I use this dough recipe for my kitchenaid mixer:
http://www.food.com/recipe/perfect-homemade-pasta-or-spaghetti-for-kitchenaid-mixers-288125

* First of all, what are you supposed to do to separate the pasta? The fettucini was pretty easy to seperate by hand after it came out of the Marcato rollers. But the capellini and spaghetti are too thin to separate manually. The pasta was stuck together, usually 2 or 3 strands were stuck after cooking. It was still edible, but it would have been nice if it was more separated. Should the strands be coming out of the pasta rollers already separated? Is there some special drying technique I need to do? Was my dough maybe too wet? Do you actually need to manually separate each strand? (I hope not!)

* How do you determine the proper thickness of the sheets that you run through the pasta maker? The Marcato has rollers that let you produce sheets of varying thickness, that you then run through the desired pasa roller. The manual says nothing about what sheet thickness setting goes with each type of pasta roller. And can anyone recommend a thickness for ravioli on the Marcato?

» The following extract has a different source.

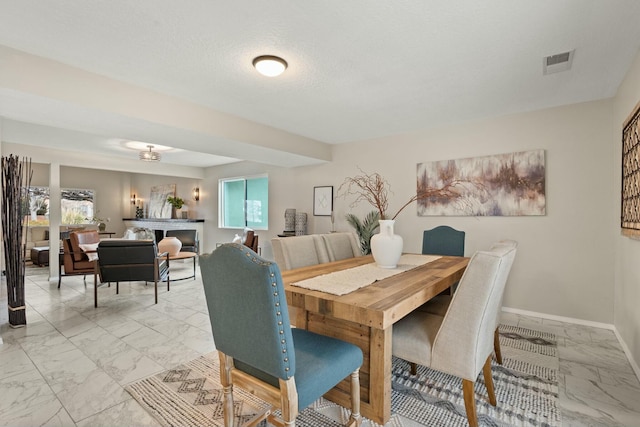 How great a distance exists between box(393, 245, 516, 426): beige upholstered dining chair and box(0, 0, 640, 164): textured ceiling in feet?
4.78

* How long do you cook fresh pasta? I've scoured the internet, and have seen everything from "less than 1 minute", all the way to 5 or 6 minutes (for spaghetti). I know I could test it, but is there any prevailing wisdom on this topic?

Thanks!

- Dave


----------



## Addie (Nov 12, 2011)

Lots of questions. To keep the strands of pasta separate - I dust the rollers and/or sheet of pasta with plenty of flour then brush most of it off. The dryer the pasta, the easier it will separate. You should be able to see the shadow of your hand through the sheet of pasta. The thinner the sheet, the easier to separate. When you cut those sheets of pasta, you are exposing more wet edges, thus they stick if it is rolled too thick.  For ravioli you want the sheet thick enough to stand up to the filling and hold it inside. Too thin and the boiling water will break the pasta. I prefer to use part semolina for ravioli sheets. It makes it a bit stronger and able to stand up to being handled. When raviolis float to the top they are cooked. There is no one thickness for all macaroni products. It is a process of trial and error or learning at your Nonna's knee. Making your own macaroni products is like making bread. It is all in the feel between your fingers. Cooking times vary depending on the thickness of your product. I know this hasn't been much help. Good luck with your endeavor.


----------



## dpt (Nov 12, 2011)

Thanks Addie!

I do put plenty of flour on the sheets and the rollers, but still have the issue with strands sticking.  I also tried very thin sheets, but still had sticking.  It woudn't seem to me like it would matter if the sheets were a little thick - the pasta cutting rollers will squeeze them as thin as they need to be.  But they can be too thin - that's why I would have thought they would tell you what thickness settings to produce the sheets for each of the different roller/cutter types.

 So you are saying that if I do it right that the strands won't stick - that you don't have to manually seperate them?  That would be nice!   I will continue to experiment. 

- Dave


----------